Use case diagrams are usually completed iteratively and fleshed out as more becomes known. Contrary to urban legend about scope, it does change, even after the original baseline. It changes on Agile projects and it changes on more traditional projects. Use case diagrams change, too, and keeping them current is helpful to all stakeholders on the project.

In this article we have defined use cases and looked at use cases and at the components which represent the scope of our product. In Part 2 we will continue with a discussion of use case narratives.

Authors: Elizabeth Larson and Richard Larson, Watermark Learning

Elizabeth Larson, CBAP, PMP, CSM and Richard Larson, CBAP, PMP are Co-Principals of Watermark Learning, a globally recognized business analysis and project management training company. With over 30 years of industry experience each, they have used their expertise to help thousands of BA and PM practitioners develop new skills. Their speaking history includes repeat appearances at IIBA and PMI Global Congresses, chapter meetings, and professional development days, as well as BA World conferences.

They have co-written the acclaimed CBAP Certification Study Guide and The Practitioners’ Guide to Requirements Management. They have been quoted in PM Network and CIO magazine. They were lead contributors to the BABOK Guide® Version 2.0, as well as the PMBOK Guide® – Fourth edition.

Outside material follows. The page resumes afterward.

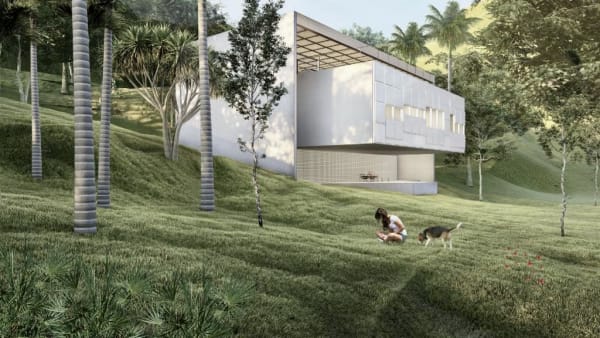 Implantação do projeto em terreno com aclive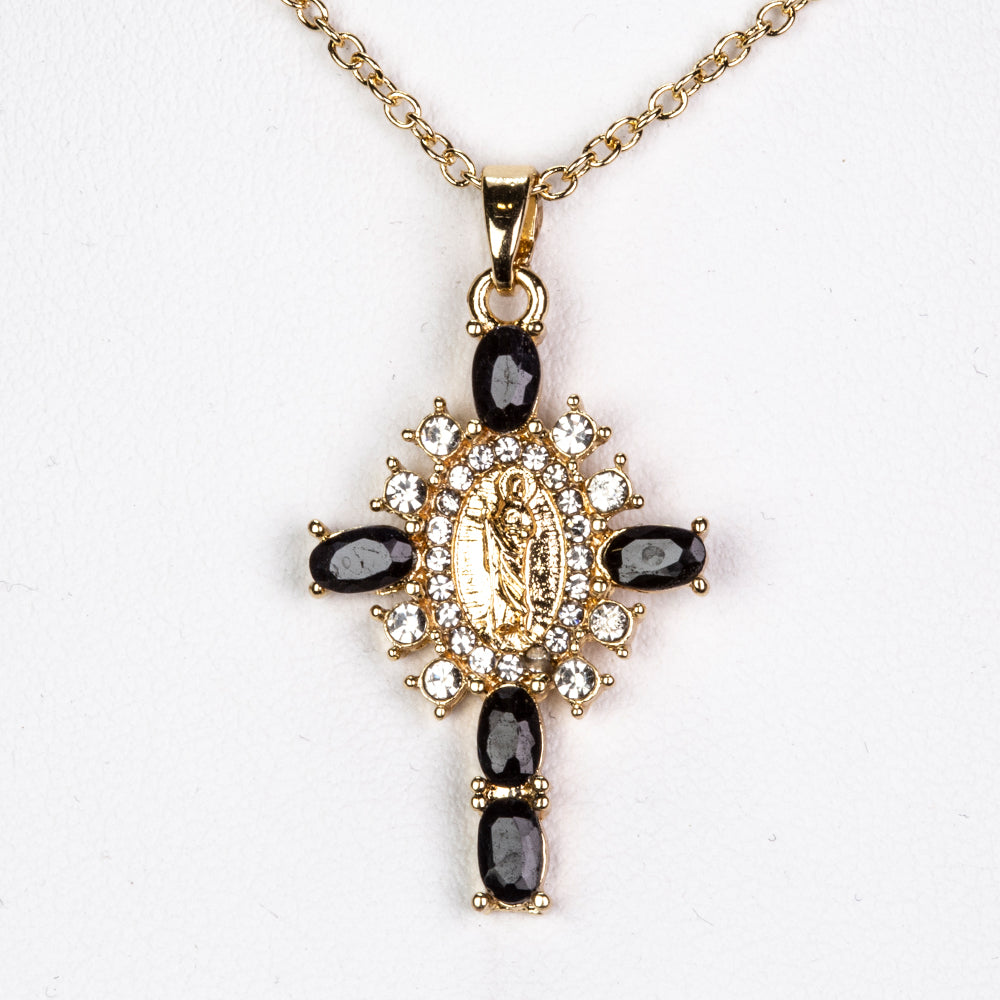 Halskette aus goldplattierter Legierung mit Saphir und weißem Emporia® Kristall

[i] Elizabeth saw an Ivar Jacobson presentation on use cases about 10 years ago. Jacobson, of course, is one of the ‘three amigos” (with Grady Booch and James Rumbaugh) who founded Rational Software and the Unified Modeling Language. I had been working with use case models for several years at the time of his presentation. If I remember right, one of the things I learned was that the idea for use cases was rattling around Jacobson’s mind since his work at Ericsson, many decades before this presentation.”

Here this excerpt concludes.